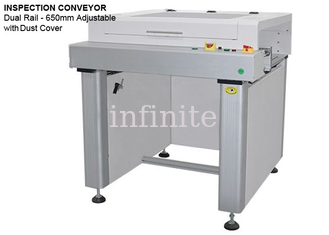 Dual Rail  PCB Inspection Conveyor 650mm Max PCB Width With Dust Cover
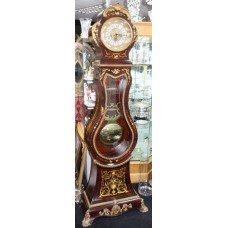 Louis XV Style Walnut & Brass Inlaid Longcase Clock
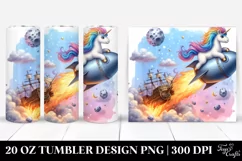 Cute Unicorn Diving from a Meteor | 20 Oz Tumbler Product Image 1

→ Your goal:
All the lines above should be reproduced exactly, and none of the pictures.

→ Result below:
 Dual Rail  PCB Inspection Conveyor 650mm Max PCB Width With Dust Cover
 Louis XV Style Walnut & Brass Inlaid Longcase Clock
 Cute Unicorn Diving from a Meteor | 20 Oz Tumbler Product Image 1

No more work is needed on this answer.